[jira] [Updated] (TIKA-3839) Property com.ctc.wstx.maxEntityCount is not supported

2022-08-18 Thread Lakatos Gyula (Jira)


 [ 
https://issues.apache.org/jira/browse/TIKA-3839?page=com.atlassian.jira.plugin.system.issuetabpanels:all-tabpanel
 ]

Lakatos Gyula updated TIKA-3839:

Description: 
First of all, this might not even be a bug, just a slight annoyance.

Whenever I try to parse the attached PDF, I get the following error:

 
{code:java}
[main] WARN org.apache.tika.utils.XMLReaderUtils - SAX Security Manager could 
not be setup [log suppressed for 5 minutes]
java.lang.IllegalArgumentException: Property com.ctc.wstx.maxEntityCount is not 
supported
    at 
java.xml/com.sun.xml.internal.stream.XMLInputFactoryImpl.setProperty(XMLInputFactoryImpl.java:246)
    at 
org.apache.tika.utils.XMLReaderUtils.trySetStaxSecurityManager(XMLReaderUtils.java:732)
    at 
org.apache.tika.utils.XMLReaderUtils.getXMLInputFactory(XMLReaderUtils.java:303)
    at 
org.apache.tika.parser.ParseContext.getXMLInputFactory(ParseContext.java:229)
    at org.apache.tika.parser.pdf.XFAExtractor.extract(XFAExtractor.java:90)
    at 
org.apache.tika.parser.pdf.AbstractPDF2XHTML.extractAcroForm(AbstractPDF2XHTML.java:863)
    at 
org.apache.tika.parser.pdf.AbstractPDF2XHTML.endDocument(AbstractPDF2XHTML.java:772)
    at 
org.apache.pdfbox.text.PDFTextStripper.writeText(PDFTextStripper.java:270)
    at org.apache.tika.parser.pdf.PDF2XHTML.process(PDF2XHTML.java:97)
    at org.apache.tika.parser.pdf.PDFParser.parse(PDFParser.java:170) {code}
 

After a couple of hours of Googling, I realized that there is an XML parser 
implementation called woodstox. If I include that dependency on the classpath, 
this exception is no longer present, because it understands the 
_com.ctc.wstx.maxEntityCount_ property.

As far as I see, the 1.28.4 version of tika-parsers included this library as a 
compile-time dependency, however, 2.0.0+ doesn't. I'm not sure why this is the 
case, but there must be a good reason for it.

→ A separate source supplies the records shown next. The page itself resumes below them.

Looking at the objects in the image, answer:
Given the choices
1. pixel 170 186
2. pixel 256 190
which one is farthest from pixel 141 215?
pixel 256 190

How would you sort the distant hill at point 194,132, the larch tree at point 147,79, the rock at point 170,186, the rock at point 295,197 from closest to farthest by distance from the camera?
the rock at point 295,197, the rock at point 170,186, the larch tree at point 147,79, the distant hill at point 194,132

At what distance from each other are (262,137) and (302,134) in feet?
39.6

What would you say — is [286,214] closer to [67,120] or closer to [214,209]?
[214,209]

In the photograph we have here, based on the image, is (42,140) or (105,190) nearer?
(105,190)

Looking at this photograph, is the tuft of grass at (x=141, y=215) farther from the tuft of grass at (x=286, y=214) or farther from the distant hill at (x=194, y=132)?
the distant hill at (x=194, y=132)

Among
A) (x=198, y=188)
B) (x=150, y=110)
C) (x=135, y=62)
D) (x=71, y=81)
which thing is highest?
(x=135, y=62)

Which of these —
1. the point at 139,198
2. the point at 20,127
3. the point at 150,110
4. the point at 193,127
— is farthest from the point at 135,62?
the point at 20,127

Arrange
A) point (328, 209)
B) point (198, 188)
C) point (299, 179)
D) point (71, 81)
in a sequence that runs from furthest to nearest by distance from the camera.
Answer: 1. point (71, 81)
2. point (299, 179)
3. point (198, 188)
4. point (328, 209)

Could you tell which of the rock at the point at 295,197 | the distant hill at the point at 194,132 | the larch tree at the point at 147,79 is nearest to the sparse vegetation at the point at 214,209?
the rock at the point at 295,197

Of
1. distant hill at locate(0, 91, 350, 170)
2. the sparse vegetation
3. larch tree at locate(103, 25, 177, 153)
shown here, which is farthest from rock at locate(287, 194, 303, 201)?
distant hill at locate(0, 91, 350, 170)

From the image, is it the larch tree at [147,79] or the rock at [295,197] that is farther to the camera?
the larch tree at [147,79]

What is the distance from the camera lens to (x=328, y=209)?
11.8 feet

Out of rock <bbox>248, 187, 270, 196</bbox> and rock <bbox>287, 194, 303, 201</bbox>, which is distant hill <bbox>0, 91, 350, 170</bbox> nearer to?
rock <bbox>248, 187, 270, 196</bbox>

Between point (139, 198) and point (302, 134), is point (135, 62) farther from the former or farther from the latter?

However, I think it would be a good idea to change the exception's message from:
{code:java}
SAX Security Manager could not be setup [log suppressed for 5 minutes] {code}
to something more meaningful.

Something that mentions woodstox would be good (especially if the only property 
that Tika tries to set is woodstox specific). Also, spamming/printing the 
message every 5 minutes is pointless in my opinion. If woodstox is not on the 
classpath, it will fail anyways (and also it is not synchronized so if you 
parsing a lot of documents at the same time in parallel, it still can print it 
more than once).

  was:
First of all, this might not even be a bug, just a slight annoyance.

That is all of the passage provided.